Trans people often experience multi-layered discrimination based on their gender expression or gender identity, especially if they do not comply with cissexist, binary gender norms.
For a long time, there was no legal option other than male or female to register in civil status law. A trans person who was assigned female at birth filed a constitutional complaint (1 BvR2019/16). They had applied for the entry of "inter/diverse", alternatively "diverse", as their gender category in the birth register, since they do not identify as either female or male.
By judicial decision of October 10, 2017, the Federal Constitutional Court ruled that people who do not identify as male or female may still register with a third gender option.
With the "Law to change the information to be entered in the birth register", the possibility was created to choose the gender category "diverse" when giving birth to children who cannot be clearly assigned to the male or female sex.
This has practical implications for adults who do not identify as male or female. If they want to change their civil status, this is now increasingly being done by authorities. In accordance, people should be addressed with pronouns and titles that match their gender identity, for example, job postings should not only be targeted at people who identify as male or female, but also include the legally defined third option "diverse".
Unfortunately, we still have a long way to go. In order to promote the practical implementation of the right to address and register trans people appropriately, BUG supports persons who have been discriminated against in this context.
Together with a lawyer specialised in the General Equal Treatment Act and activists from the trans* community, BUG is working on several cases of discrimination in online purchases. Lawsuits were filed in court and several complaints were submitted to the respective institutions.
Two lawsuits are aimed at preventing discriminatory communication from vendors on the Internet. The companies were requested to expand the purchase and order process to include a third gender option ("diverse"), which has been required by law since 01.01.2019, as well as to include an empty field that does not require any information.
In one of the lawsuits, the plaintiff, who has a non-binary gender identity in all social, professional and legal contexts, wanted to buy a train ticket from Berlin to Braunschweig on the German website Deutsche Bahn. A purchase requires a mandatory specification of "Mr." or "Ms." when registrating on the website and therefore hinders non-binary people from booking a ticket. The person affected hence filed a lawsuit on grounds of discrimination. A legal dispute in this regard against Deutsche Bahn was heard on September 24, 2020 at the Frankfurt am Main regional court. The court ruled that the obligatory indication of "Mr." or "Ms." violated the non-binary plaintiff's general right to personality, but did not find any discrimination.
The plaintiff and BUG consider Deutsche Bahn's behaviour to be discriminatory within the scope of the AGG and have therefore appealed the judgment. The court hearing for the successfully filed appeal took place at the end of May 2022. You can view our press release on the appeal hearing here. On June 21, 2022, the OLG Frankfurt am Main ruled in favour of the plaintiff and awarded compensation of €1,000.00. Our press release on the appeal judgement can be found here. BUG has put together a press release, which you can access here. The judgement can be found here.

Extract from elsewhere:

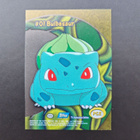 Pokemon Bulbasaur topps - pikkukuva 2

After an appeal was declared inadmissible, Deutsche Bahn filed a non-admission complaint with the Federal Court of Justice. You can find out more about this in our press release.

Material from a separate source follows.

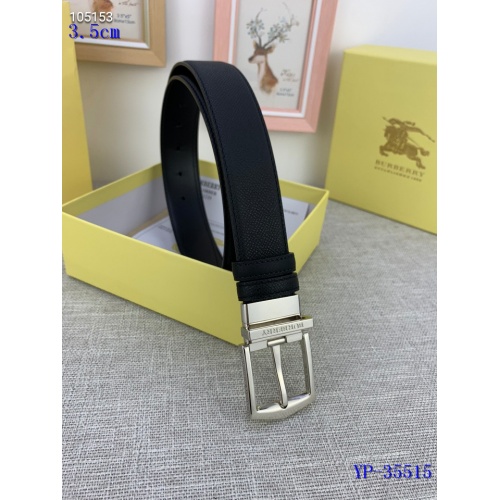 Replica Burberry AAA  Belts #788521 $60.00 USD for Wholesale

In two cases, discrimination was proven and a comparison was reached in 2020 and 2021. One company has committed itself to revising its website accordingly within a reasonable time frame. The other company adjusted the ordering process on its website promptly and to the satisfaction of the person concerned.
BUG submitted a formal complaint to the arbitration board of the German Savings Banks and Giro Association because a trans customer was only provided with a binary gender option. However, the arbitration board did not classify the incident as discrimination.
On behalf of a person affected by discrimination, BUG has lodged a complaint with the ombudsman of the Berlin State Office for Equal Treatment and Against Discrimination against the Berlin bathing establishments (Berliner Bäderbetriebe). The background is the lack of gender-neutral changing rooms, which disadvantage queer people when accessing public pools. Not only do they have to compulsively choose one of the binary changing room options, but they also often have discriminatory and violent experiences in public bathrooms and changing rooms. Although the Berliner Bäderbetriebe and the Berlin Senate have been aware of this problem for years, no extensive efforts have been made to eliminate it. Since not only the General Equal Treatment Act, but also the Berlin State Anti-Discrimination Act, which came into force in 2020, prohibits discrimination on the basis of sexual identity, the person concerned and BUG demanded the establishment of gender-neutral changing facilities in order to also grant queer people non-discriminatory participation in public life. The complaint supported by BUG was processed by the ombudsman office of the Berlin Senate. The Berliner Bäderbetriebe have expanded a freely accessible changing room, which was originally only intended for people with disabilities, into a changing room for non-binary people.
In another case, it was achieved that the database of a German employer's liability insurance association be supplemented with an additional gender option so that the address can be made appropriately.